Re: [-mm PATCH] register_memory/unregister_memory clean ups

Previous thread: reading user. extended attributes from symlinks in 2.6 kernels by Rok Ruzic on Monday, February 11, 2008 - 9:38 am. (2 messages)

Next thread: [PATCH] dmi: Prevent linked list corruption by Jean Delvare on Monday, February 11, 2008 - 10:22 am. (4 messages)
From: Badari Pulavarty
Date: Monday, February 11, 2008 - 10:23 am

Hi Andrew,

While testing hotplug memory remove against -mm, I noticed
that unregister_memory() is not cleaning up /sysfs entries
correctly. It also de-references structures after destroying
them (luckily in the code which never gets used). So, I cleaned
up the code and fixed the extra reference issue.

Could you please include it in -mm ?

Thanks,
Badari

register_memory()/unregister_memory() never gets called with
"root". unregister_memory() is accessing kobject_name of
the object just freed up. Since no one uses the code,
lets take the code out. And also, make register_memory() static.  

Another bug fix - before calling unregister_memory()
remove_memory_block() gets a ref on kobject. unregister_memory()
need to drop that ref before calling sysdev_unregister().

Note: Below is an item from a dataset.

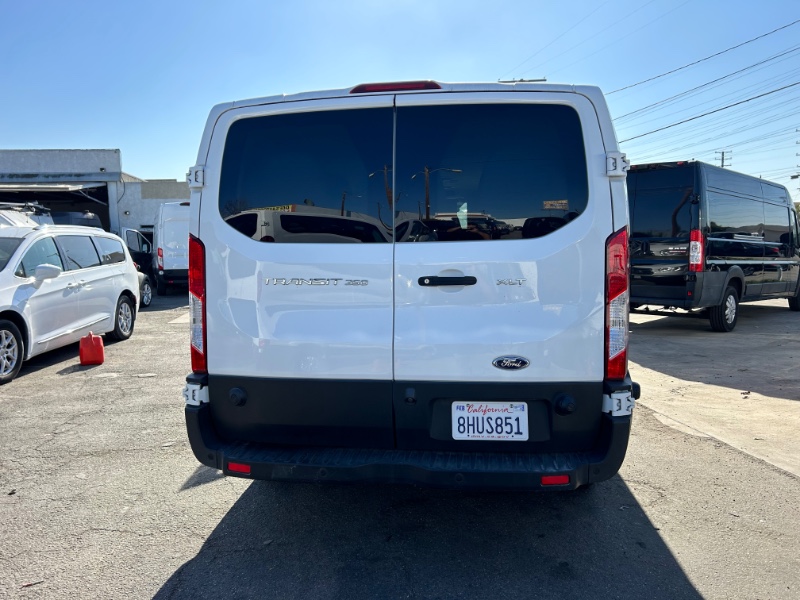 2019 Ford Transit Passenger Van XLT's photo
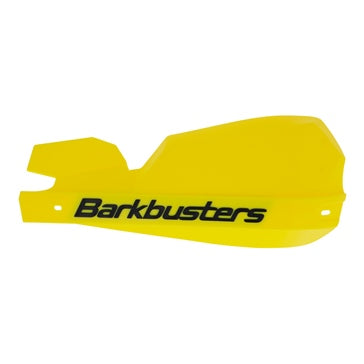 GUARD PLASTIC VPS W/DEFLECTOR YE/BK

Signed-off-by: Badari Pulavarty <pbadari@us.ibm.com>
---
 drivers/base/memory.c |   22 +++++++---------------
 1 file changed, 7 insertions(+), 15 deletions(-)

Index: linux-2.6.24/drivers/base/memory.c
===================================================================
--- linux-2.6.24.orig/drivers/base/memory.c	2008-02-07 16:59:52.000000000 -0800
+++ linux-2.6.24/drivers/base/memory.c	2008-02-08 15:54:45.000000000 -0800
@@ -62,8 +62,8 @@ void unregister_memory_notifier(struct n
 /*
  * register_memory - Setup a sysfs device for a memory block
  */
-int register_memory(struct memory_block *memory, struct mem_section *section,
-		struct node *root)
+static
+int register_memory(struct memory_block *memory, struct mem_section *section)
 {
 	int error;
 
@@ -71,26 +71,18 @@ int register_memory(struct memory_block 
 	memory->sysdev.id = __section_nr(section);
 
 	error = sysdev_register(&memory->sysdev);
-
-	if (root && !error)
-		error = sysfs_create_link(&root->sysdev.kobj,
-					  &memory->sysdev.kobj,
-					  kobject_name(&memory->sysdev.kobj));
-
 	return error;
 }
 
 static void
-unregister_memory(struct memory_block *memory, struct mem_section *section,
-		struct node ...
From: Greg KH
Date: Monday, February 11, 2008 - 10:54 am

Want me to add this to my tree and send it in my next update for the
driver core to Linus?

I'll be glad to do that.

thanks,

greg k-h
--

From: Badari Pulavarty
Date: Monday, February 11, 2008 - 11:05 am

Please do. Only reason I wanted to push through -mm is, I didn't
test this with mainline (since I have patches in -mm for hotplug 
memory remove).

Thanks,
Badari

--

From: Andrew Morton
Date: Monday, February 11, 2008 - 12:48 pm

On Mon, 11 Feb 2008 09:23:18 -0800


is rather tame.  These are more than cleanups!  These sound like
machine-crashing bugs.  Do they crash machines?  How come nobody noticed
it?

All very strange...


--

From: Greg KH
Date: Monday, February 11, 2008 - 1:35 pm

No one has ever run the 'remove memory' codepath before, that's why they
were never seen before :)

thanks,

greg k-h
--

From: Badari Pulavarty
Date: Monday, February 11, 2008 - 2:32 pm

No they don't crash machine - mainly because, they never get called
with "root" argument (where we have the bug). They were never tested
before, since we don't have memory remove work yet. All it does
is, it leave /sysfs directory laying around and causing next
memory add failure. 

Thanks,
Badari

--

From: Yasunori Goto
Date: Tuesday, February 12, 2008 - 1:06 am

Badari-san.

Which function does call unregister_memory() or unregister_memory_section()?
I can't find its caller in current 2.6.24-mm1.


???????()
  |
  |nothing calls?
  |
  +-->unregister_memory_section()
       |
       |call
       |
       +---> remove_memory_block()
              |
              |call
              |
              +----> unregister_memory()

unregister_memory_section() is only externed in linux/memory.h.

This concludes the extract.